Bobby Bare got Saturday off to a rousing start with several of the Shel Silverstein narrative tales he’s recorded over the years — sterling examples of detail-rich songwriting that avoids cliche at every turn. Silverstein excelled in the tradition of tall tales from the American frontier going back to poet Robert W. Service and beyond, this one concerning a chump who’s had one too many and decides to pick a fight with the toughest guy in the bar, only to get a lecture on what it really means to be “The Winner”: “He said, ‘You see these bright white smilin’ teeth, you know they ain’t my own / Mine rolled away like Chiclets down a street in San Antone.’ “


Gauthier, one of the most powerfully incisive songwriters of the last decade, achieved no less than musical transcendence in her show-opening set Sunday. Boldly offering several new tunes from her upcoming autobiographical album, “The Foundling,” she dug into her own past as an infant placed for adoption because her single mother was shamed into it. “Mama kissed me one time and said goodbye / I still believe in love.” Music doesn’t hit any harder than that.


And although a fuse blew and the power failed mid-song, she and her two band mates stepped to the front of the stage and finished it literally unplugged. This on the same day that promised Brooks & Dunn’s mindless line-dance anthem “Boot Scootin’ Boogie” later that evening.


In an early evening set on Saturday, Haggard also exhibited the expert use of a pen as he turned in a classics-heavy set that was carried live on satellite radio. But he included one of the tunes from his new “I Am What I Am” album, “Pretty When It’s New,” a number that implies as much or more than it says each time he sang the hook “Love is always pretty,” paused for just a moment to give listeners a chance to think, then finished the thought, “when it’s new.”


The 84-year-old Price touched on the Kris Kristofferson songbook that he helped introduce 40 years ago and that gave a second — or was it third? — wind to his long career, wrapping his performance with the exquisite ode to parting gracefully, “For the Good Times.”


Such moments seemed to have little in common with Sugarland, for instance, back at the Mane Stage, coaxing a crowd that needed little coaxing onto its feet with a beat-driven medley that blended the band’s own hits with selections from the stash of its classic-rock and R&B influences. “Everyday America,” with its chorus suggesting that “everybody’s dreaming big,” weaved its way, as the sun set on Saturday, into Marvin Gaye’s “Let’s Get It On,” the Jackson 5’s “I Want You Back” and Beyonce’s “Single Ladies (Put a Ring on It).”
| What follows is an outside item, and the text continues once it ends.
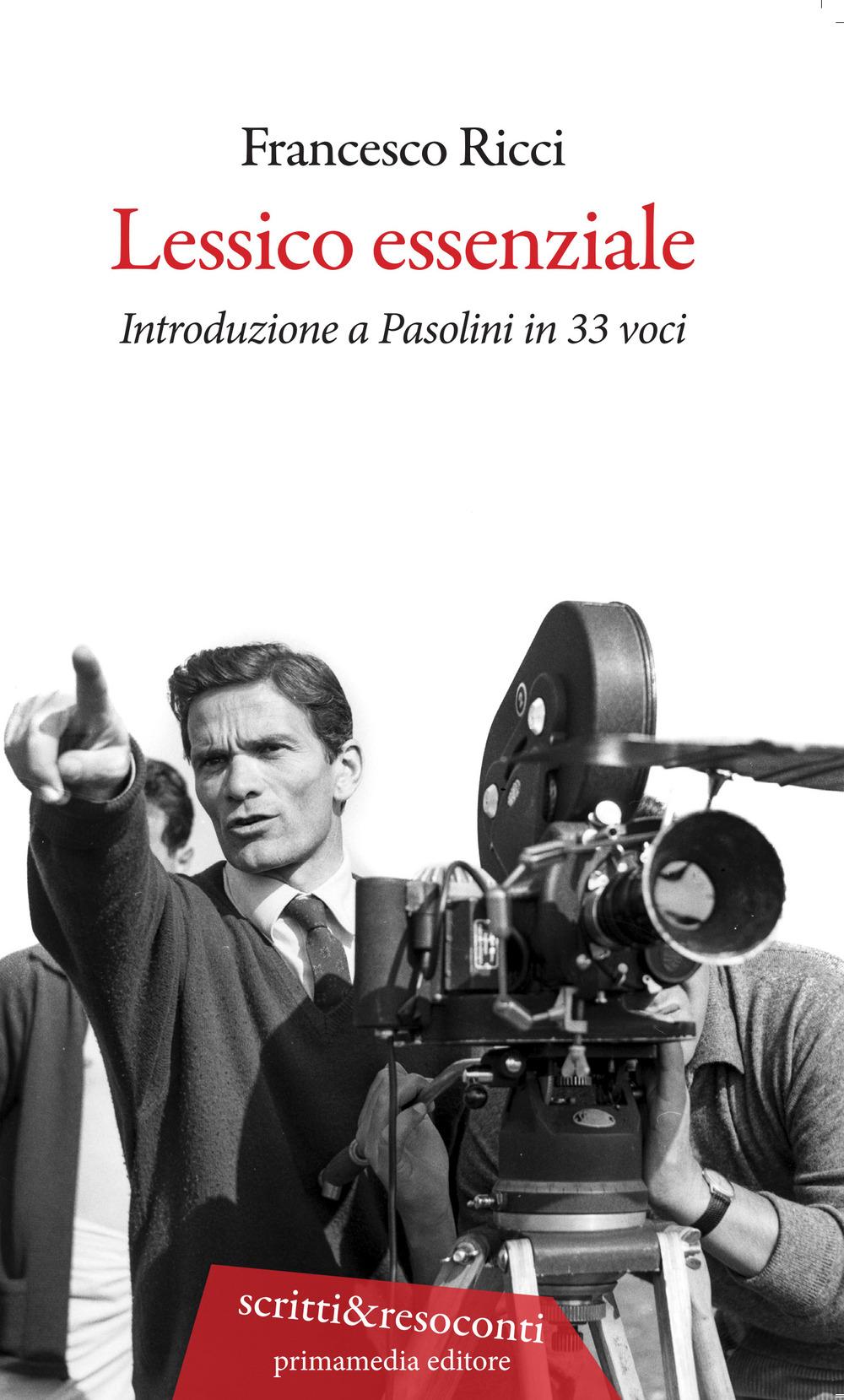 Vorderes Coverbild Lessico essenziale. Introduzione a Pasolini in 33 voci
Urban likewise kept the energy flowing with his pulsing country rock, giving equal time to his sensitive-guy lyrics and his expansive electric guitar work. As Saturday’s headliner, he loaded up the set with his hits, even the few moments of introspection subservient to the party atmosphere that kicks into full gear after sundown.
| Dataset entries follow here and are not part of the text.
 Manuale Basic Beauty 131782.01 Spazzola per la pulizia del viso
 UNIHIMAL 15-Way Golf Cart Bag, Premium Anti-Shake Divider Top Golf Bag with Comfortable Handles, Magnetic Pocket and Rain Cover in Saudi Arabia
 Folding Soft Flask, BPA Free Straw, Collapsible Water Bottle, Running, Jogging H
It’s the difference between holding the attention of a crowd that numbers in the tens of thousands versus a couple of thousand that can jam into the Palomino tent, or a few hundred that made it to the Mustang Stage at the beginning of the day Saturday for one of Victoria Williams’ typically ethereal, loopily meandering but endearing performances.


But that’s the great thing about Stagecoach: There’s room enough in this town for both of ‘em.